• [What to work on]: Would you please return the data below verbatim, without its pictures?

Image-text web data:
=== Begin Enclosure ===

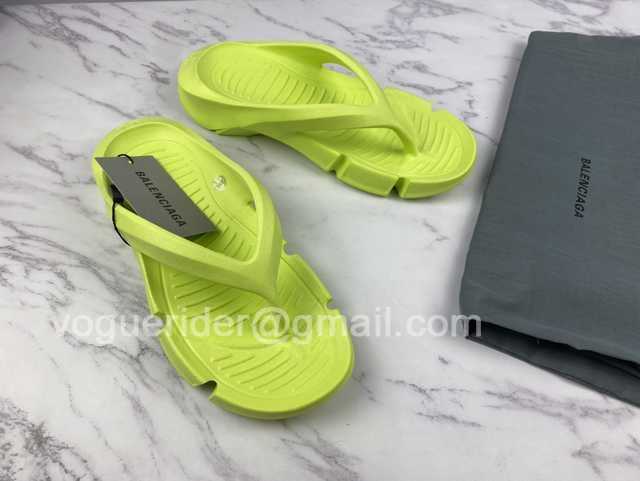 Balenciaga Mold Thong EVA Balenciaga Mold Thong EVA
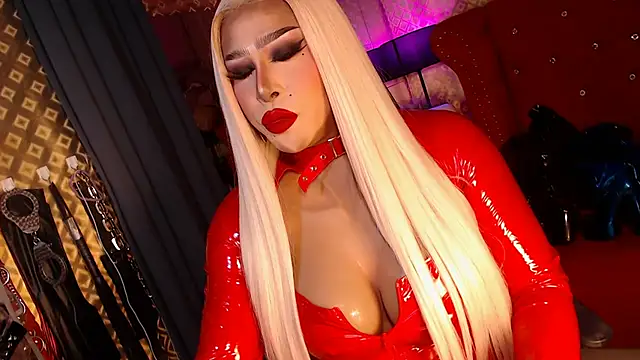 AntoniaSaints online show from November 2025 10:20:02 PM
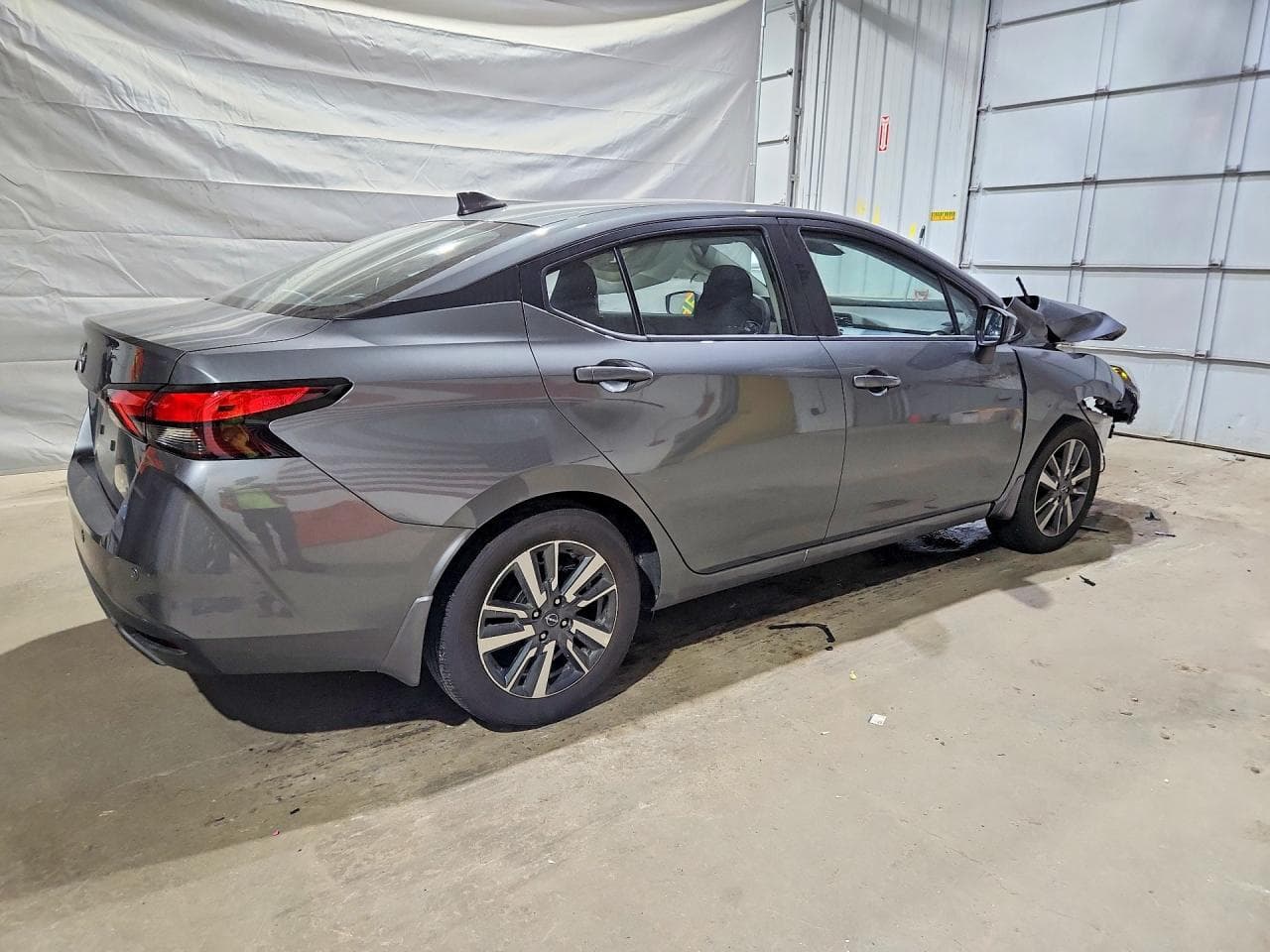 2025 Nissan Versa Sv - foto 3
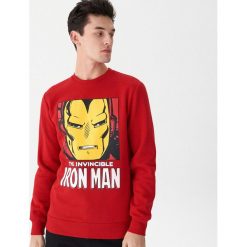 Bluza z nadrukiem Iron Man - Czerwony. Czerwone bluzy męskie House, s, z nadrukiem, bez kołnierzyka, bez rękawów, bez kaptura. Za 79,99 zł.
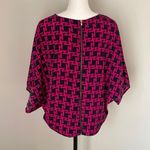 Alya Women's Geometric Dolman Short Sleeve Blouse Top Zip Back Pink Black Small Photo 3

=== End Enclosure ===

• [Result]:
 Balenciaga Mold Thong EVA Balenciaga Mold Thong EVA
 AntoniaSaints online show from November 2025 10:20:02 PM
 2025 Nissan Versa Sv - foto 3
 Bluza z nadrukiem Iron Man - Czerwony. Czerwone bluzy męskie House, s, z nadrukiem, bez kołnierzyka, bez rękawów, bez kaptura. Za 79,99 zł.
 Alya Women's Geometric Dolman Short Sleeve Blouse Top Zip Back Pink Black Small Photo 3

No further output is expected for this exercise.